▶ [What is needed]:
Retype exactly what appears below from the line containing "Ryan Terefenko of" down to the line containing "Pasacalles en favor", keeping both end lines. Do not include pictures.

▶ [Exercise input]:
++++++++++
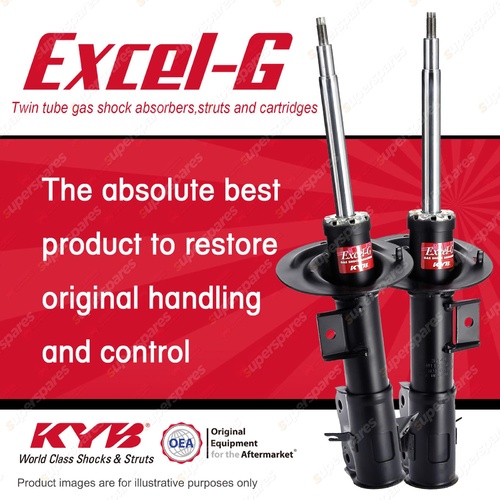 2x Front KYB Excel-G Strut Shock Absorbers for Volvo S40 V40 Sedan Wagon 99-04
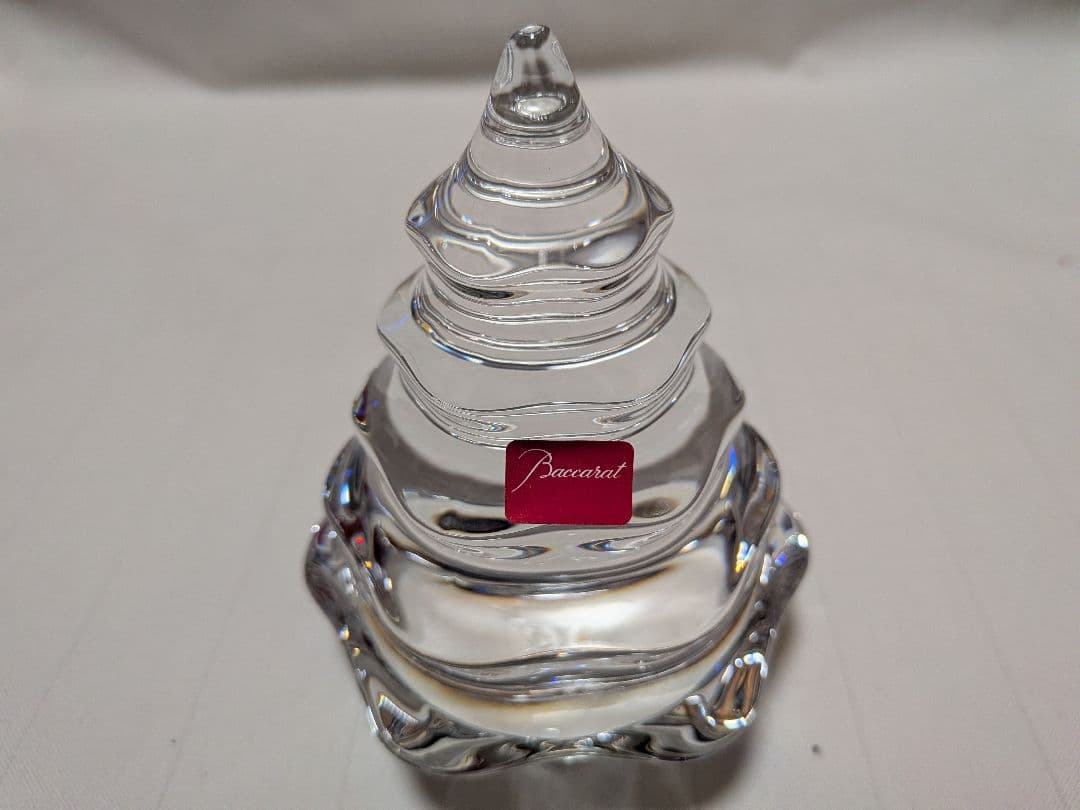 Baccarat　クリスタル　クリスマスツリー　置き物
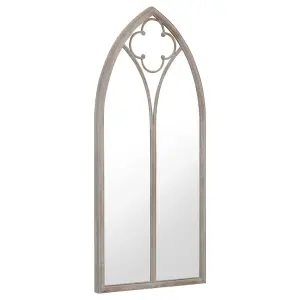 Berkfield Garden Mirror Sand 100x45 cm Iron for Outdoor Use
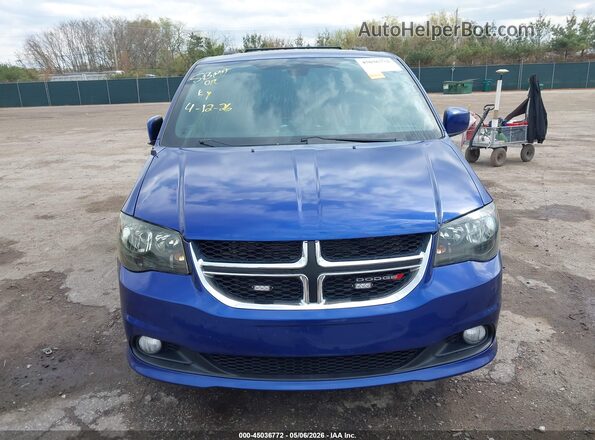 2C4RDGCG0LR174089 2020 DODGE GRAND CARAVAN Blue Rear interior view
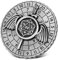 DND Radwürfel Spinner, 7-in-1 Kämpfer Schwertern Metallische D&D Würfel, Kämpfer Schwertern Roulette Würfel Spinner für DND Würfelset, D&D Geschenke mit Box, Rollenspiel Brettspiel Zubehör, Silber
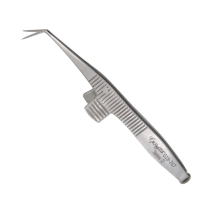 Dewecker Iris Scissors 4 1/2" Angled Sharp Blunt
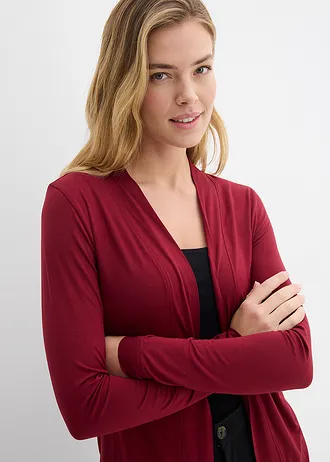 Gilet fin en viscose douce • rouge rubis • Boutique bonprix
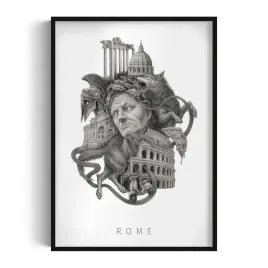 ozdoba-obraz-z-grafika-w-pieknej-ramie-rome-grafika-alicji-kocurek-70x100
++++++++++
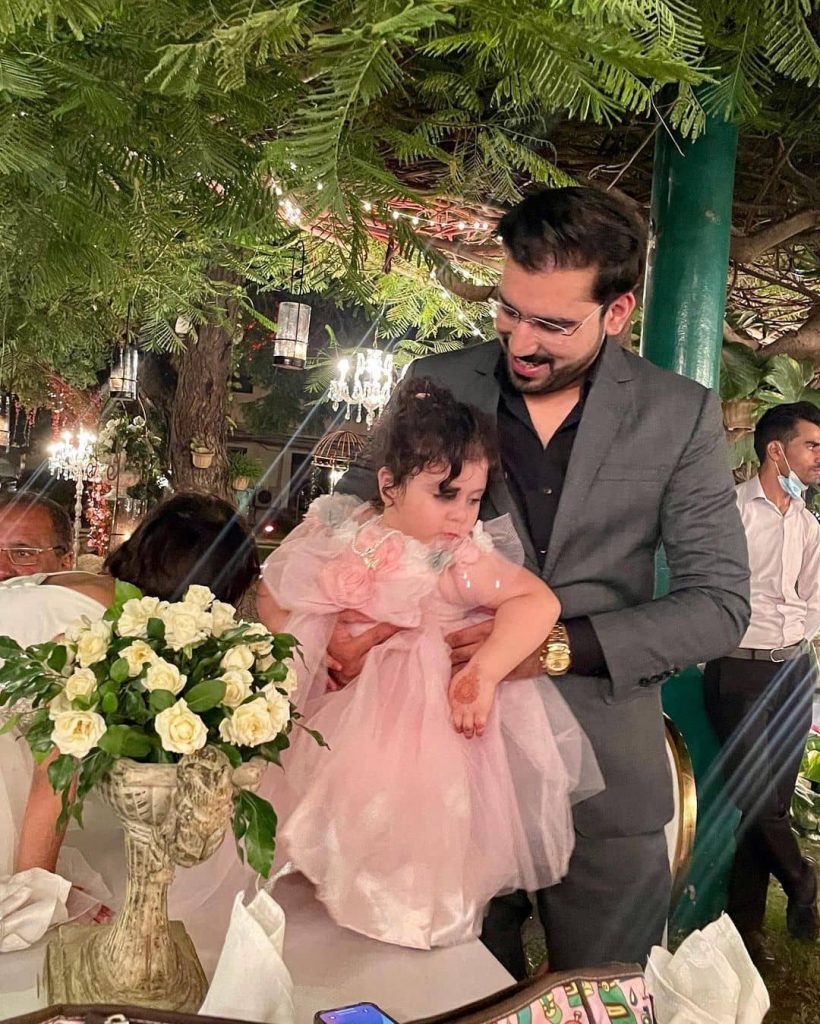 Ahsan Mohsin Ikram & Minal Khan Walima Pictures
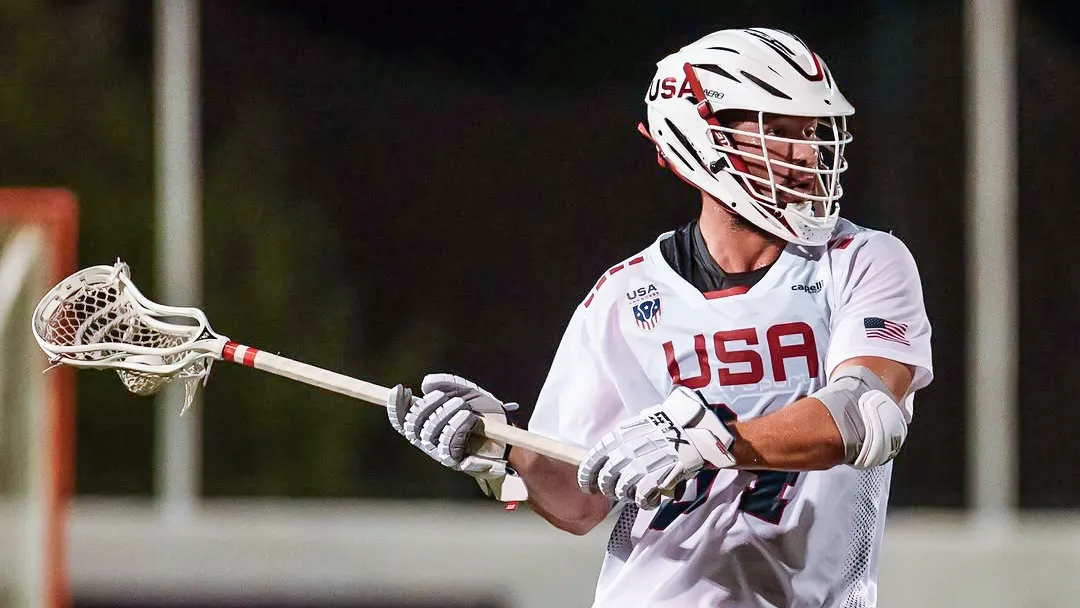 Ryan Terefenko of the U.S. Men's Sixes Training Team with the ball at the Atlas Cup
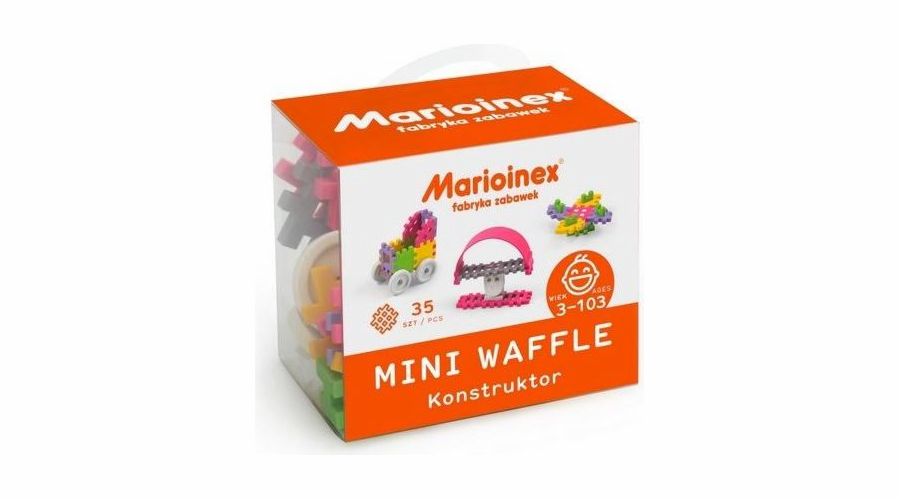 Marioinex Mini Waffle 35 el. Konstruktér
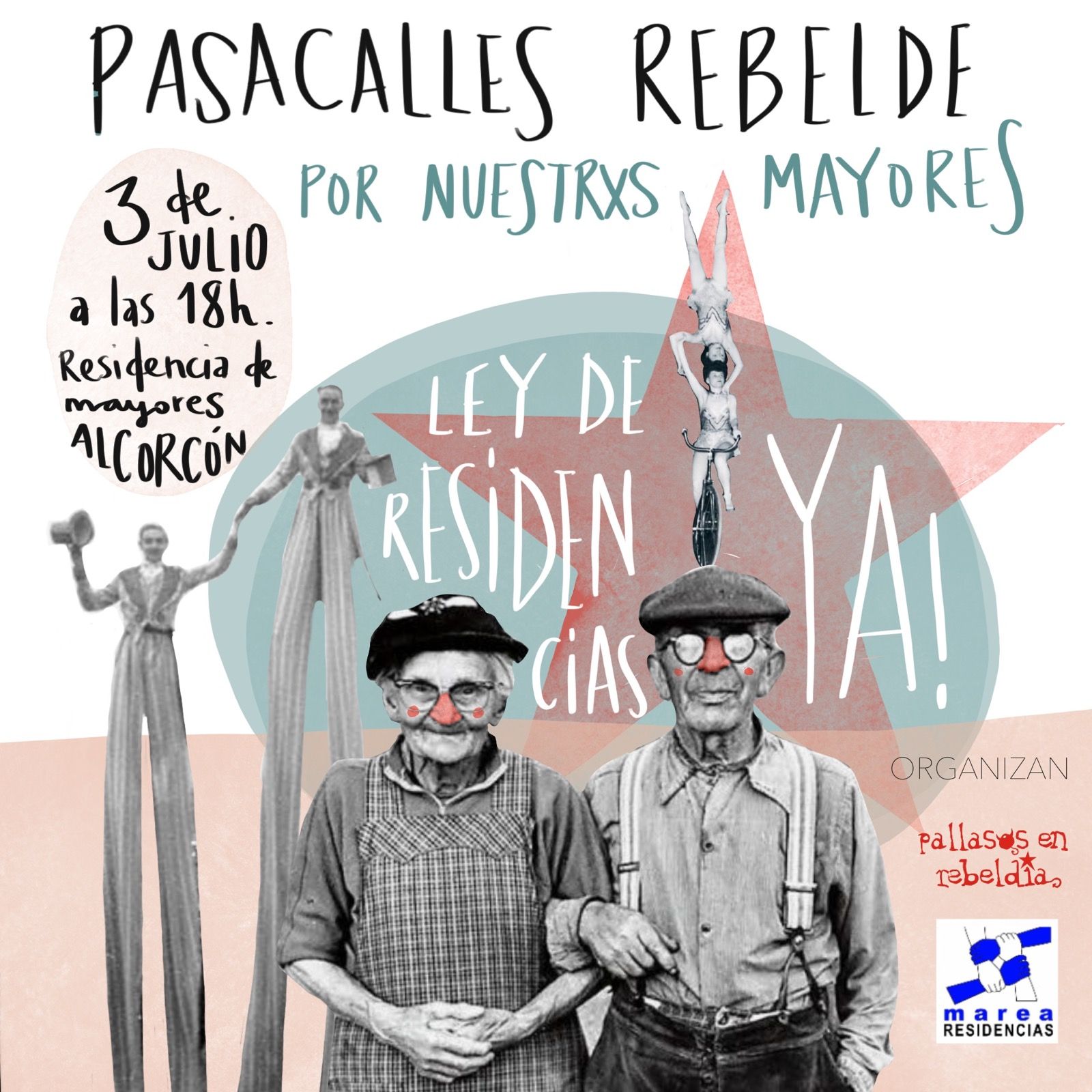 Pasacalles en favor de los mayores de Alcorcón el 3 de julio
++++++++++
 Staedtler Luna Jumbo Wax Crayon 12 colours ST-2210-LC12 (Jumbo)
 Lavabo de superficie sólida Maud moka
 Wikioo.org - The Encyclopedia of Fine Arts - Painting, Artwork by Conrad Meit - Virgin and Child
++++++++++
▶ [Exercise result]:
 Ryan Terefenko of the U.S. Men's Sixes Training Team with the ball at the Atlas Cup
 Marioinex Mini Waffle 35 el. Konstruktér
 Pasacalles en favor de los mayores de Alcorcón el 3 de julio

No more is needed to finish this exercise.